Part of my presentation included a survey that asked young people, “What has most helped you grow in your faith?” The top response from millennials was “prayer.” When I revealed that answer, there was an audible gasp in the room I hadn’t anticipated. Sensing the surprise from the audience, I decided to take things a step further. “Do you know what’s great about prayer?” I asked the ministry leaders. “It’s very affordable.” That got a laugh from the crowd, but not from the conference director.
“Prayer is accessible to anyone, anywhere.”
When I came off the main stage he was livid. He explained that the goal of the event was to sell theater equipment to churches so they can create “bigger and better” experiences. My presentation, he said, was not appreciated by the vendors. I explained that I was invited to speak to the pastors not the vendors, and to present data about young adults, not to sell smoke machines. I have not been invited back.
The incident illustrates one of the core dilemmas facing consumer Christianity. It always wants to produce, package, and sell communion with God, but this agenda relies upon people believing communion with God requires some special knowledge or skill they do not possess. If experiencing God’s presence requires millions of dollars in theatrical equipment, then I need a massive church building and its army of employees to grow in my faith.
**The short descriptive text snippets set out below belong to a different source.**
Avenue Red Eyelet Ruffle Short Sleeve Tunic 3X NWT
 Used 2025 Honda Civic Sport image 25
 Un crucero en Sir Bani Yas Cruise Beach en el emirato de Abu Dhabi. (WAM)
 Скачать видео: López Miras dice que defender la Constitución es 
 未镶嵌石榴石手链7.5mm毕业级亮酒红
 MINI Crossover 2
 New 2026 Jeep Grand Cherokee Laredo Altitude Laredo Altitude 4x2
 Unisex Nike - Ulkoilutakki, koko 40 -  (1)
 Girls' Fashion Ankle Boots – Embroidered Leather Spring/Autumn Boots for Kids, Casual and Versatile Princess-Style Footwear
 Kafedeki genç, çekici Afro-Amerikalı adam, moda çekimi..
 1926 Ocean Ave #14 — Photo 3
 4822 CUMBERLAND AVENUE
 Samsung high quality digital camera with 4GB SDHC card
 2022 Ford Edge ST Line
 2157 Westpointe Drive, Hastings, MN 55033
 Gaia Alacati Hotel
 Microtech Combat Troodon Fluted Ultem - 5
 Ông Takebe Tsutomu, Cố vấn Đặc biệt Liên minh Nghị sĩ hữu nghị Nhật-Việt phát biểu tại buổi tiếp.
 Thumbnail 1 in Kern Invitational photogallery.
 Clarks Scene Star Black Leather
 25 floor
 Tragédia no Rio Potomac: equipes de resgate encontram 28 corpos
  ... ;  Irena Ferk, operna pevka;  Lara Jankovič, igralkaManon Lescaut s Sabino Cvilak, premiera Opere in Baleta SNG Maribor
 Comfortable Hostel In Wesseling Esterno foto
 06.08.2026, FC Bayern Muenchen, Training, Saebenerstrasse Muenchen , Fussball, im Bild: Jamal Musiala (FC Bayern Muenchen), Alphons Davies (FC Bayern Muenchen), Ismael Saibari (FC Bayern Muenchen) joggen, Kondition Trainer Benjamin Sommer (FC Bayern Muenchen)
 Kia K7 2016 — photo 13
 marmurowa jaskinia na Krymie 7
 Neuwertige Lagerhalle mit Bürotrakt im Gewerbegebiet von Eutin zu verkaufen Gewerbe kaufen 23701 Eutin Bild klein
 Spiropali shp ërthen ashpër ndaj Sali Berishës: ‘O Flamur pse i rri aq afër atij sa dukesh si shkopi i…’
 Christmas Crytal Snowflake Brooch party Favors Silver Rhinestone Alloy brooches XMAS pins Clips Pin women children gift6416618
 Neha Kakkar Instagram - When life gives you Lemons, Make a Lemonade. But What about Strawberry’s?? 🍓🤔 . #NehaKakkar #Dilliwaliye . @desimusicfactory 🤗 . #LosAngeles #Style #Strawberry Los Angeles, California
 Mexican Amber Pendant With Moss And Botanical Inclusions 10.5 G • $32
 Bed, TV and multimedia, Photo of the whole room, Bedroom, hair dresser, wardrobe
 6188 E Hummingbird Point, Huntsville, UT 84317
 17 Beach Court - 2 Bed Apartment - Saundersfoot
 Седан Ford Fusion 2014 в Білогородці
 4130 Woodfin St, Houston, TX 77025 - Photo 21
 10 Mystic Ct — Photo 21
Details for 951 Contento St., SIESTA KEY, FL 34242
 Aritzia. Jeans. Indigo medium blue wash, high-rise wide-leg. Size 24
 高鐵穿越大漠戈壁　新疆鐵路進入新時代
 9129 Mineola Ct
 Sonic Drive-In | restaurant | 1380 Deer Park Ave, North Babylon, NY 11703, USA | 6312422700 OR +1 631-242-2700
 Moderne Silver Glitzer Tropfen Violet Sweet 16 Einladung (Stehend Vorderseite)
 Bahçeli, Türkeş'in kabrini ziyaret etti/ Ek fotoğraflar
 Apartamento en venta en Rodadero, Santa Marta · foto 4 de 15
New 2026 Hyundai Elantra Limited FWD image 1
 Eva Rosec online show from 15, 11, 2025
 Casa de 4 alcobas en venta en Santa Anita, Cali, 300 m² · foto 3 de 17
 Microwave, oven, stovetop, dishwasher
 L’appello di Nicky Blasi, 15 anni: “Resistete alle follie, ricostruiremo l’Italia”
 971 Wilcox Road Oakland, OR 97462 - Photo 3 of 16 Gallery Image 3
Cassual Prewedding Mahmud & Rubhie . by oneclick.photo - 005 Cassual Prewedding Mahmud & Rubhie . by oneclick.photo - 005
But a new generation is discovering a dangerous truth—all the pyrotechnics and hologram projections in the world are no substitute for the simple practice of prayer. And prayer is accessible to anyone, anywhere. As Madame Guyon wrote in her book Experiencing the Depths of Jesus Christ, “This way of prayer, this simple relationship to your Lord, is so suited for everyone; it is just as suited for the dull and the ignorant as it is for the well-educated. This prayer, this experience which begins so simply, has as its end a totally abandoned love to the Lord. Only one thing is required—Love.”